It was amazing. Fixed. But amazingm


----------



## HitOrGetHit

LOL at Kimbo thinking he evolved. His takedown defense is James Toney level and any fighter under the age of 112 years old finishes that choke.


----------



## LizaG

lol at Ken not getting that choke! WTF was that?


----------



## Life B Ez

CupCake said:


> lol at Ken not getting that choke! WTF was that?


That was Ken cashing a paycheck and not wanting his kneecaps broken.

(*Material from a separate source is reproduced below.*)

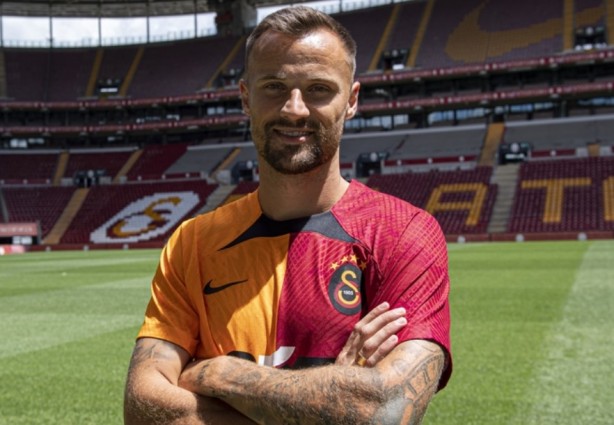 Foto - Galatasaray'da ayrılık! 3 talip var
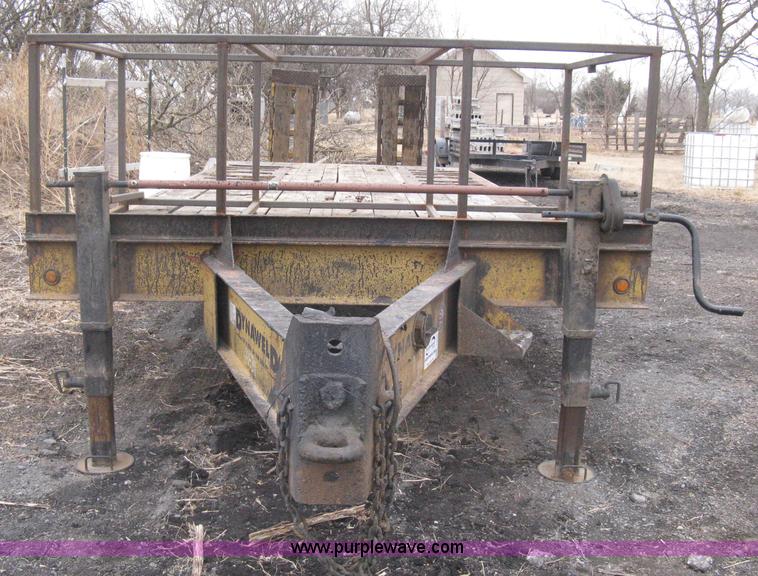 image for item I5630 1998 Dynaweld tandem axle equipment trailer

Hahahahahahahah Kimbo "I been in that position before" lmao like that was some unique spot hahaha.


----------



## LizaG

lol Ken does get paid to make terrible people look better.


----------



## boatoar

roflmfao - oh boy. I hate using those acronyms, but that took the cake. 

Kimboooo!

Hahaha. I mean, part of me wants to believe a 51 year old shamrock just couldn't finish the choke against that iron neck of thug Slice, but the logical part of me feels like that choke could be finished in his sleep 1000000 times out of 1000000 

Dat gash though. haha


----------



## Andrus

I was scared once the choke was in that it was gonna be over. Thank god it wasn't. Kimbo is back!


----------



## M.C

Kimbo looked very impressive. It's extremely difficult to get out of a Sham choke like that, the acting skill it requires to make it look even remotely real is pretty high.

Seriously though, that fight was atrocious and embarrassing.


----------



## No_Mercy

sigh...lolz


----------



## Atilak

That fight was amazing! Kimbo is in great shape. He will be in UFC soon and getting that strap! What a fighter.













Roided Ken, Kimbo going to be Big country Kimbo, fixed as ****. This was kinda disgrace to mma.


----------



## oldfan

Ken should be embarrassed but I don't think he feels any shame.

.....Me, on the other hand, I bet on him ....:shame02::shame01: ...double bag please


----------



## UrbanBounca

oldfan said:


> Ken should be embarrassed but I don't think he feels any shame.
> 
> .....Me, on the other hand, I bet on him ....:shame02::shame01: ...double bag please


He won't feel any shame simply because he's too old to care anymore. He'll take an easy check, and throw a fight. It's a shame that's the direction MMA has taken, which is also the reason I quit watching consistently more than a year ago.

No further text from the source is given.